Dia 14: Um livro que me lembra de alguém
Empaquei neste dia.
Novamente, porque há muitos livros que me lembram muitas pessoas e blábláblá. Mas principalmente porque a lembrança mais forte de todas não é boa. É meio traumática, aliás. Me deixou para sempre com medo de falar de livros e as pessoas me acharem pedante e me darem um coice com ferradura de aço.
É sabido que A Metamorfose, de Franz Kafka, é um dos livros mais famosos, mais lidos, mais comentados, mais analisados, mais estudados de todos os tempos. Pode-se dizer que é um livro que todo mundo leu. Óbvio que a afirmação "todo mundo leu" não quer dizer que 100% da humanidade leu, até porque boa parte da humanidade ainda não sabe ler. Mas é um livro que boa parte das pessoas que gosta de ler, que se interessa por literatura, já leu.
Então, o caso foi assim: estava eu numa livraria com o maior dos meus enganos. O maior dos meus enganos se pretendia um homem culto e sofisticado. Mas nunca leu muito, o que por si só não é um defeito ou falha de caráter. É só uma constatação.

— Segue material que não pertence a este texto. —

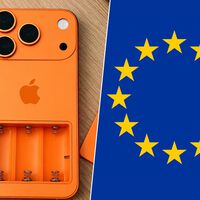 Europa cambiará las normas para las baterías de móviles el año que viene. Apple no ha puesto pegas (y es por la letra pequeña)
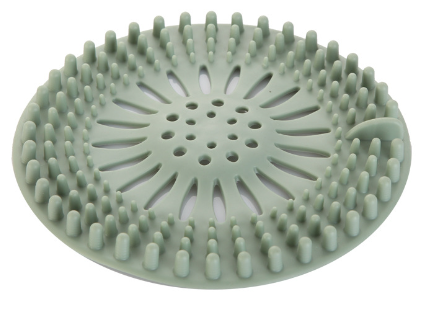 FlexDrain™ 5-Pack Hair Catchers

Pois o maior dos meus enganos, na livraria, pega o volume d'A Metamorfose e me diz, todo entendido:
-Sabia que, na verdade, a barata de Kafka não era uma barata e sim um besouro?
E eu, na inocência:
-Ué, que engraçado, na tradução que li não falava especificamente nem em barata nem em besouro, só num inseto.
E ele, espantadíssimo:
-Você leu A Metamorfose????
E eu, ainda inocente e agora também espantada:
-Claro, ué. Todo mundo leu. Você não???
(lembrando: "todo mundo" quer dizer apenas muita gente, quer dizer quase todo mundo que gosta e se interessa por literatura)
Pois o maior dos meus enganos ficou furioso, disse que não tinha lido o livro e que eu era uma pedante, uma esnobe, uma elitista, que não via além do meu umbigo, que achava que a humanidade se resumia a mim mesma, etc. Enfim, me esculachou e arrasou ali na livraria. Um padrão que se repetiria várias vezes.
Então até hoje, ver, ler ou ouvir falar qualquer coisa d'A Metamorfose me faz lembrar daquele ser que tentou fazer com que eu me sentisse tão repugnante quanto a criatura em que Gregório Samsa se transformou.
"Durante o dia evitava mostrar-se à janela, por consideração para com os pais, mas os poucos metros quadrados de chão de que dispunha não davam para grandes passeios, nem lhe seria possível passar toda a noite imóvel; por outro lado, perdia rapidamente todo e qualquer gosto pela comida. Para se distrair, adquirira o hábito de se arrastar ao longo das paredes e do tecto. Gostava particularmente de manter-se suspenso do tecto, coisa muito melhor do que estar no chão: a respiração tornava-se-lhe mais livre, o corpo oscilava e coleava suavemente e, quase beatificamente absorvido por tal suspensão, chegava a deixar-se cair ao chão. Possuindo melhor coordenação dos movimentos do corpo, nem uma queda daquela altura tinha conseqüências."
4 Comments:
Nossa, que cena, menina! Adorei tua descrição do maior dos enganos. Mesmo.
Hahaha, Meg, que história ótima. Eu li este livro (claro, todo mundo leu!), mas sabe que não achei grandes coisas? Excesso de expectativa, talvez.
Beijos.
uau!
então podem me xingar q eu li a metamorfose com 11 anos. e quer saber? percebi logo que era pra ser comédia.
Eu tentei ler mas não acabei, achei sem graça!